子供たちをテーマにした映画のひとつ。第2次世界大戦時に、ナチス・ドイツに侵略されたウクライナでの子供のバイオリン奏者を描いた作品で、バイオリンを演奏しながら生き残りを賭ける子供たちに注目です。

登場するのは、子供とは思えないほどのバイオリンの腕前を持つ2人の少年少女。2人はユダヤ人で、名前はアブラーシャとラリッサ。それぞれバイオリンとピアノを演奏し、その腕は神童として騒がれていました。そんな彼らの噂を聞きバイオリンの名手と言われているドイツ人の少女(ハンナ)が一緒にレッスンを受け、3人に友情が芽生えていきます。

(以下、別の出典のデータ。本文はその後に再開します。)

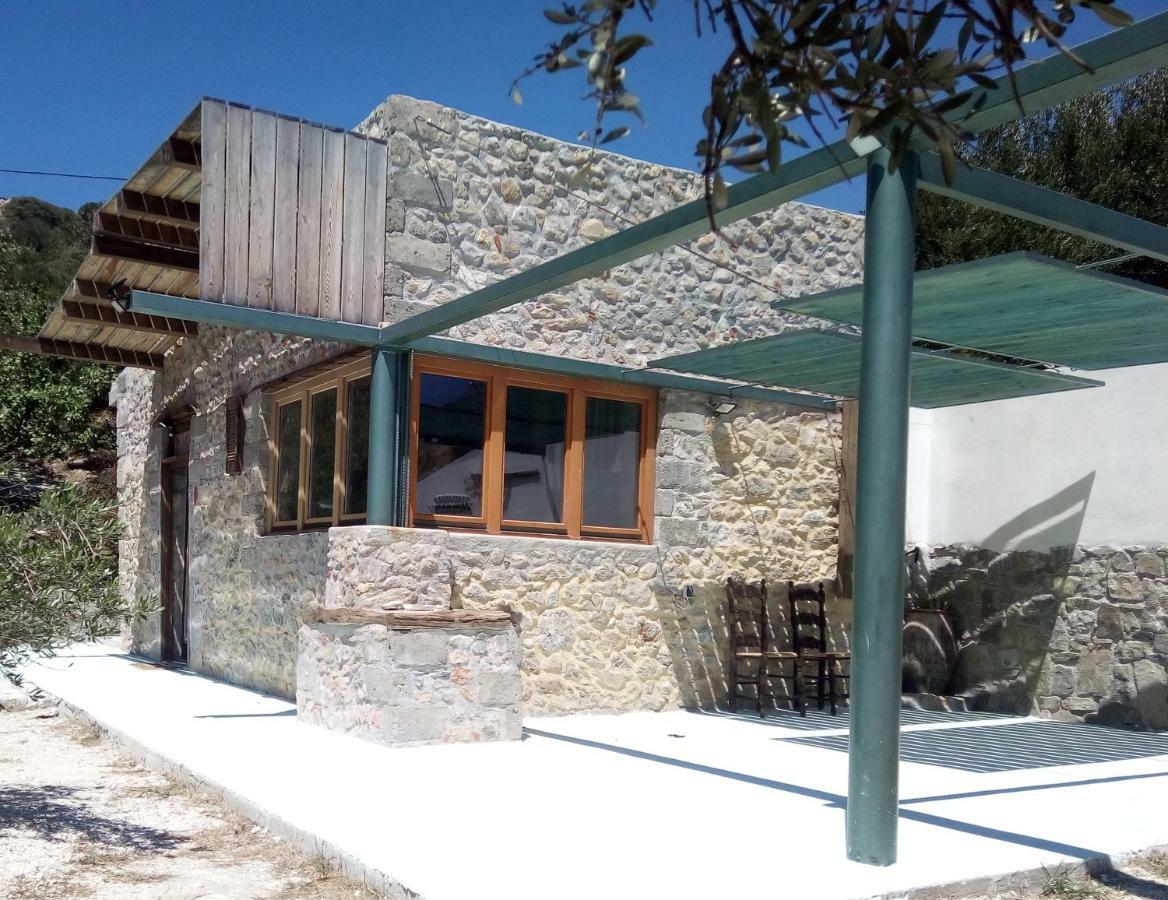 Dream Residence Agios Ioannis  Bagian luar foto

しかし、ナチス・ドイツがウクライナへ侵攻をはじめ、ユダヤ人であるアブラーシャとラリッサに危機が迫ります。

見どころは、やはり子供たちの演奏と3人の絆、そしてア戦乱に揺れるヨーロッパの人々です。演奏家になることを夢見た少年少女の夢物語というよりも、戦争の中彼らがバイオリン奏者として必死に生きる姿が痛く心に響きます。なぜなら、2人は『完璧な演奏をすると命を助ける』『ミスをしたら処刑する』といわれているからです。バイオリンとピアノの演奏が好きで演奏をしていた彼らが、戦争のために利用され、命まで賭けられるのは辛いもの。ハッピーな映画ではありませんが、戦争の辛さを映画を通して目の当たりにします。

登場した子供は本当のバイオリニスト

実は、登場人物のアブラーシャを演じるエリン・コレフは、本当にプロの天才バイオリニストなのです。そのため、劇中で流れる演奏の数々は本当に彼が演奏をしています。プロというだけあり、その演奏は素晴らしく、心に響きます。テーマはナチス・ドイツによる戦争ですが、彼の演奏も注目してほしいです。

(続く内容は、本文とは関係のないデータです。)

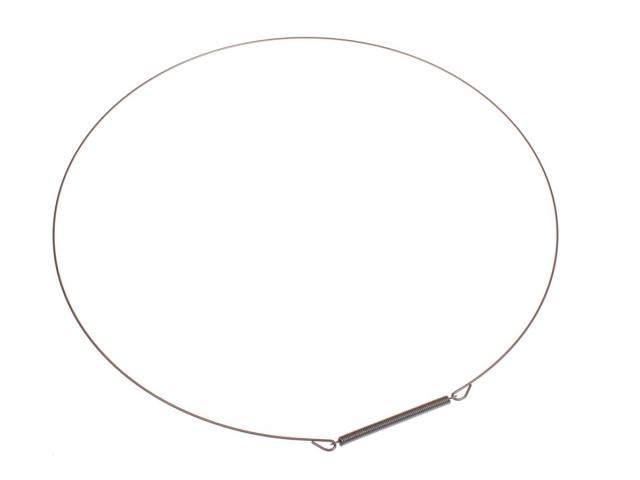 Holder / fjeder for lågepaknin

キャストはすべてドイツ人ですが、言葉もドイツ語になります。2人の神童はウクライナに住むユダヤ人ですから、ドイツ語なのはおかしいのでは?という意見もあります。細かいところまで映画を観たいという方には少し気になるかもしれませんが、全体を通してもとても素晴らしい映画です。まさに、『命をつなぐバイオリン』。彼らは、バイオリンとピアノ演奏で命が続くか終わるかが決まっていますから、観ていて心苦しく感じるシーンもあるでしょう。子供たちが主演になるため、その感情は強く残ります。直接的な残虐性はないものの、子供目線で描いているので、精神的な残虐性はあるでしょう。

最後に、『殺されたユダヤ人の子ども150万人をしのぶ』とテロップが表示されます。実話ではありませんが、当時の出来事を映画を通して知ることができます。